8
$\begingroup$

Hamilton's equation reads $$ \frac{d}{dt} F = \{ F,H\} \, .$$ In words this means that $H$ acts on $T$ via the natural phase space product (the Poisson bracket) and the result is the correct time evolution of $F$. In other words $H$ generates temportal shifts $t \to t +dt$.
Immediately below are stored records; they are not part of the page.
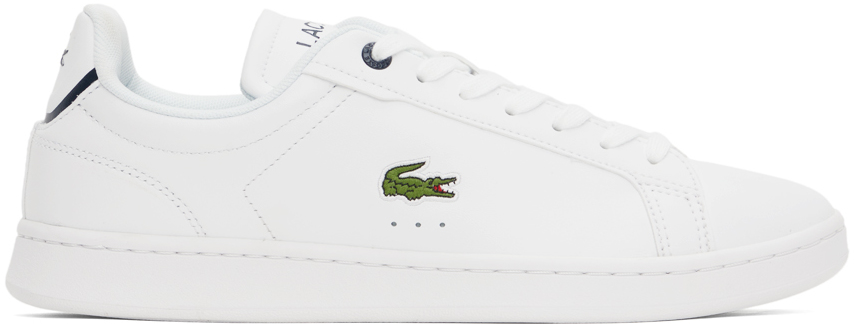 Shop Lacoste White Carnaby Pro Leather Sneakers In 42 Wht/nvy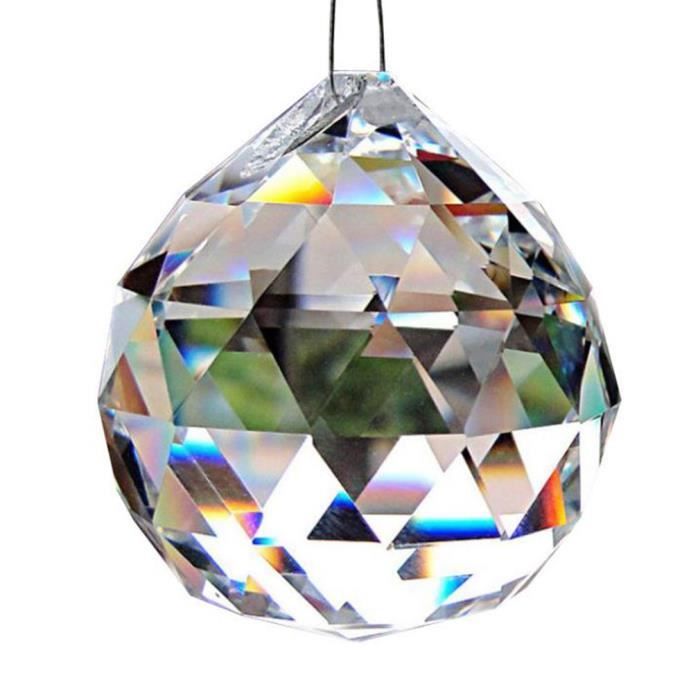Lot De 16 Cristaux à Suspendre - Prisme Boule Cristal 20mm - Attrape-Soleil Fenêtre, Lustre, Jardin - Décoration Feng Shui & Cadeau Lumineux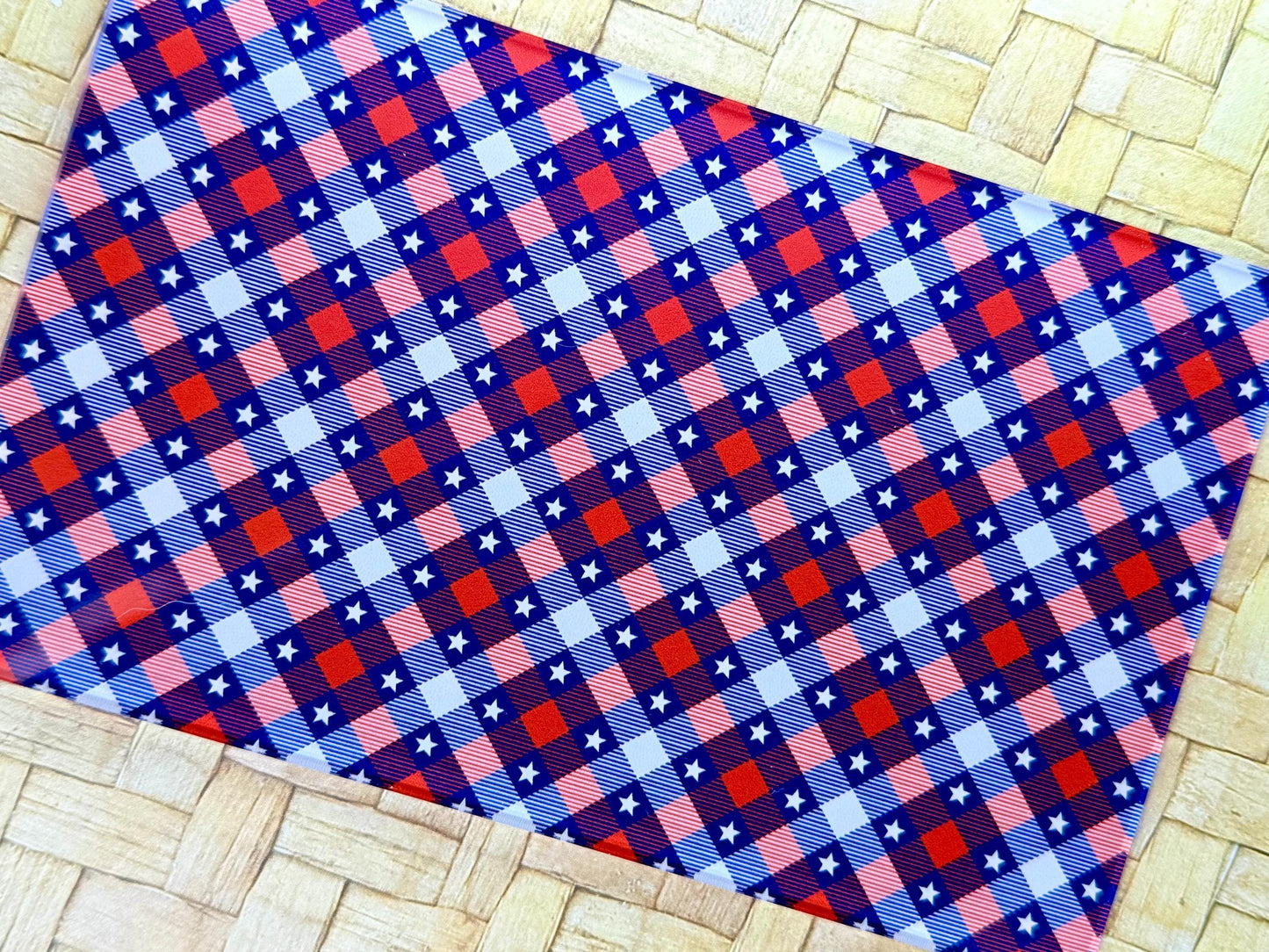 Patterned Acrylic Sheet - 3mm Cast Clear Acrylic with American Flag Design for Laser Cutting Patterned Cast Acrylic, Flex and Wood for Lasers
The function $F$ over phase space describes a conserved quantitiy if $$ \frac{d}{dt} F = \{ F,H\} =0 \, .$$ Nother's theorem now exploits that the Poisson bracket is antisymmetric $$ \{ A,B\} = - \{ B,A\} .$$ Therefore we can reverse the role of the two functions in the Poisson bracket above $$ \{ F,H\} =0 \quad \leftrightarrow \quad \{ H,F\} =0 \,. $$ In words, this second equation tells us that for any conserved quantity $F$, its action on the Hamiltonian $H$ is zero. In other words, $F$ generates as symmetry. This is exactly Noether's theorem.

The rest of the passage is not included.